ENTRIES PROVIDED ::
####
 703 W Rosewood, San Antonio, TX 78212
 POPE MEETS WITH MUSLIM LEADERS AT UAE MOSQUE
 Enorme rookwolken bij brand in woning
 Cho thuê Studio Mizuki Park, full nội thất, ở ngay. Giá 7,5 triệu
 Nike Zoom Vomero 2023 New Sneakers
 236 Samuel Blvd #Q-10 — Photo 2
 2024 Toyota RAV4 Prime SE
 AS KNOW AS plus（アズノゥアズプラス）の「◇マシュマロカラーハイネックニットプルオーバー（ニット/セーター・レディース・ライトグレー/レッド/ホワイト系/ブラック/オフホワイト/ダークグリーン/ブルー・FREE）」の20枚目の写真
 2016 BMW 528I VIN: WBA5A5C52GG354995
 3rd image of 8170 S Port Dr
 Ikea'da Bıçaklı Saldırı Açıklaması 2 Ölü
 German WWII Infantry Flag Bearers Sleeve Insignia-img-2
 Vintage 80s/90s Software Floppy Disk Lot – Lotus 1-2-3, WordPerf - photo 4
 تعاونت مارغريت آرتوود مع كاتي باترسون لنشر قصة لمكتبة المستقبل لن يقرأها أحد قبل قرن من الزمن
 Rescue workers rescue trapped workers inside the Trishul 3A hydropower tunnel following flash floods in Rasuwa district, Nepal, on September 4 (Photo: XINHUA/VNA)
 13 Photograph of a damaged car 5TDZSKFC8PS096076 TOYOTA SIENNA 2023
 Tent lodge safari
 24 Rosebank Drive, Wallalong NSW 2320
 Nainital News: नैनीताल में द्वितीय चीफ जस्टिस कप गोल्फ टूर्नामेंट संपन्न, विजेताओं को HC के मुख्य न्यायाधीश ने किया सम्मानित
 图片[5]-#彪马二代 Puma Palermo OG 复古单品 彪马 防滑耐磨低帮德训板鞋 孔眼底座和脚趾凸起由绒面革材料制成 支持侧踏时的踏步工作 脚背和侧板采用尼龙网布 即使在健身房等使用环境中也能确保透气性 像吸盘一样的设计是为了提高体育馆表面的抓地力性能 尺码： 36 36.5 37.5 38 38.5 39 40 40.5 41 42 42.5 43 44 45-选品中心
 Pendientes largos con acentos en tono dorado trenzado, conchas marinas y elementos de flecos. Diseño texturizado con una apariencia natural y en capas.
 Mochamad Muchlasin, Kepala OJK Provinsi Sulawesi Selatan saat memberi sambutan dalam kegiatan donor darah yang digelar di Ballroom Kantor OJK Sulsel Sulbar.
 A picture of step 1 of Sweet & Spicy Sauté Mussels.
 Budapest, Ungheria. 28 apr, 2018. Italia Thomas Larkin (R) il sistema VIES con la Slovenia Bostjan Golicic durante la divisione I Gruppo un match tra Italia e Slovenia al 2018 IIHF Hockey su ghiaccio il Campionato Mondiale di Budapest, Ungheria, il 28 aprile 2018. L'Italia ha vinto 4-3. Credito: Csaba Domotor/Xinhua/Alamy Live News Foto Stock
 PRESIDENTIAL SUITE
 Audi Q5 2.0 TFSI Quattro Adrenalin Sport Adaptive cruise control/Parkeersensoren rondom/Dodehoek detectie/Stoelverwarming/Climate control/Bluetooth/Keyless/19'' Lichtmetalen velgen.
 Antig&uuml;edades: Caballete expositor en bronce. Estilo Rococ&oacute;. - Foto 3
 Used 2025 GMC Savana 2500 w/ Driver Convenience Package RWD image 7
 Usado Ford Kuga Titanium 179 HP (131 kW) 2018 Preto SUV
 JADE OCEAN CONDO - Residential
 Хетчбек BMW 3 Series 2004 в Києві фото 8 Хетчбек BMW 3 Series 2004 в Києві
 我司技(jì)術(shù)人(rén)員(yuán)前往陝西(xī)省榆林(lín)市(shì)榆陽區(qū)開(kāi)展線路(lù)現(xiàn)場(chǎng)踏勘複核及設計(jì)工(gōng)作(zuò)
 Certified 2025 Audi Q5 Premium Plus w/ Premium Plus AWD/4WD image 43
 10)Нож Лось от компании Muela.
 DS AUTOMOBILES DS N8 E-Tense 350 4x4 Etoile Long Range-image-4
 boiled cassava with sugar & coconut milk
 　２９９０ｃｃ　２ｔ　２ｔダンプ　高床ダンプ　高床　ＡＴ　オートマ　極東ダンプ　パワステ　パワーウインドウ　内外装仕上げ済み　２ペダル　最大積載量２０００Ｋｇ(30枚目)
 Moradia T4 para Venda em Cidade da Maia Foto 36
####
WORK ITEM :: Output all of the data above without any alteration.

TASK SOLUTION ::
 703 W Rosewood, San Antonio, TX 78212
 POPE MEETS WITH MUSLIM LEADERS AT UAE MOSQUE
 Enorme rookwolken bij brand in woning
 Cho thuê Studio Mizuki Park, full nội thất, ở ngay. Giá 7,5 triệu
 Nike Zoom Vomero 2023 New Sneakers
 236 Samuel Blvd #Q-10 — Photo 2
 2024 Toyota RAV4 Prime SE
 AS KNOW AS plus（アズノゥアズプラス）の「◇マシュマロカラーハイネックニットプルオーバー（ニット/セーター・レディース・ライトグレー/レッド/ホワイト系/ブラック/オフホワイト/ダークグリーン/ブルー・FREE）」の20枚目の写真
 2016 BMW 528I VIN: WBA5A5C52GG354995
 3rd image of 8170 S Port Dr
 Ikea'da Bıçaklı Saldırı Açıklaması 2 Ölü
 German WWII Infantry Flag Bearers Sleeve Insignia-img-2
 Vintage 80s/90s Software Floppy Disk Lot – Lotus 1-2-3, WordPerf - photo 4
 تعاونت مارغريت آرتوود مع كاتي باترسون لنشر قصة لمكتبة المستقبل لن يقرأها أحد قبل قرن من الزمن
 Rescue workers rescue trapped workers inside the Trishul 3A hydropower tunnel following flash floods in Rasuwa district, Nepal, on September 4 (Photo: XINHUA/VNA)
 13 Photograph of a damaged car 5TDZSKFC8PS096076 TOYOTA SIENNA 2023
 Tent lodge safari
 24 Rosebank Drive, Wallalong NSW 2320
 Nainital News: नैनीताल में द्वितीय चीफ जस्टिस कप गोल्फ टूर्नामेंट संपन्न, विजेताओं को HC के मुख्य न्यायाधीश ने किया सम्मानित
 图片[5]-#彪马二代 Puma Palermo OG 复古单品 彪马 防滑耐磨低帮德训板鞋 孔眼底座和脚趾凸起由绒面革材料制成 支持侧踏时的踏步工作 脚背和侧板采用尼龙网布 即使在健身房等使用环境中也能确保透气性 像吸盘一样的设计是为了提高体育馆表面的抓地力性能 尺码： 36 36.5 37.5 38 38.5 39 40 40.5 41 42 42.5 43 44 45-选品中心
 Pendientes largos con acentos en tono dorado trenzado, conchas marinas y elementos de flecos. Diseño texturizado con una apariencia natural y en capas.
 Mochamad Muchlasin, Kepala OJK Provinsi Sulawesi Selatan saat memberi sambutan dalam kegiatan donor darah yang digelar di Ballroom Kantor OJK Sulsel Sulbar.
 A picture of step 1 of Sweet & Spicy Sauté Mussels.
 Budapest, Ungheria. 28 apr, 2018. Italia Thomas Larkin (R) il sistema VIES con la Slovenia Bostjan Golicic durante la divisione I Gruppo un match tra Italia e Slovenia al 2018 IIHF Hockey su ghiaccio il Campionato Mondiale di Budapest, Ungheria, il 28 aprile 2018. L'Italia ha vinto 4-3. Credito: Csaba Domotor/Xinhua/Alamy Live News Foto Stock
 PRESIDENTIAL SUITE
 Audi Q5 2.0 TFSI Quattro Adrenalin Sport Adaptive cruise control/Parkeersensoren rondom/Dodehoek detectie/Stoelverwarming/Climate control/Bluetooth/Keyless/19'' Lichtmetalen velgen.
 Antig&uuml;edades: Caballete expositor en bronce. Estilo Rococ&oacute;. - Foto 3
 Used 2025 GMC Savana 2500 w/ Driver Convenience Package RWD image 7
 Usado Ford Kuga Titanium 179 HP (131 kW) 2018 Preto SUV
 JADE OCEAN CONDO - Residential
 Хетчбек BMW 3 Series 2004 в Києві фото 8 Хетчбек BMW 3 Series 2004 в Києві
 我司技(jì)術(shù)人(rén)員(yuán)前往陝西(xī)省榆林(lín)市(shì)榆陽區(qū)開(kāi)展線路(lù)現(xiàn)場(chǎng)踏勘複核及設計(jì)工(gōng)作(zuò)
 Certified 2025 Audi Q5 Premium Plus w/ Premium Plus AWD/4WD image 43
 10)Нож Лось от компании Muela.
 DS AUTOMOBILES DS N8 E-Tense 350 4x4 Etoile Long Range-image-4
 boiled cassava with sugar & coconut milk
 　２９９０ｃｃ　２ｔ　２ｔダンプ　高床ダンプ　高床　ＡＴ　オートマ　極東ダンプ　パワステ　パワーウインドウ　内外装仕上げ済み　２ペダル　最大積載量２０００Ｋｇ(30枚目)
 Moradia T4 para Venda em Cidade da Maia Foto 36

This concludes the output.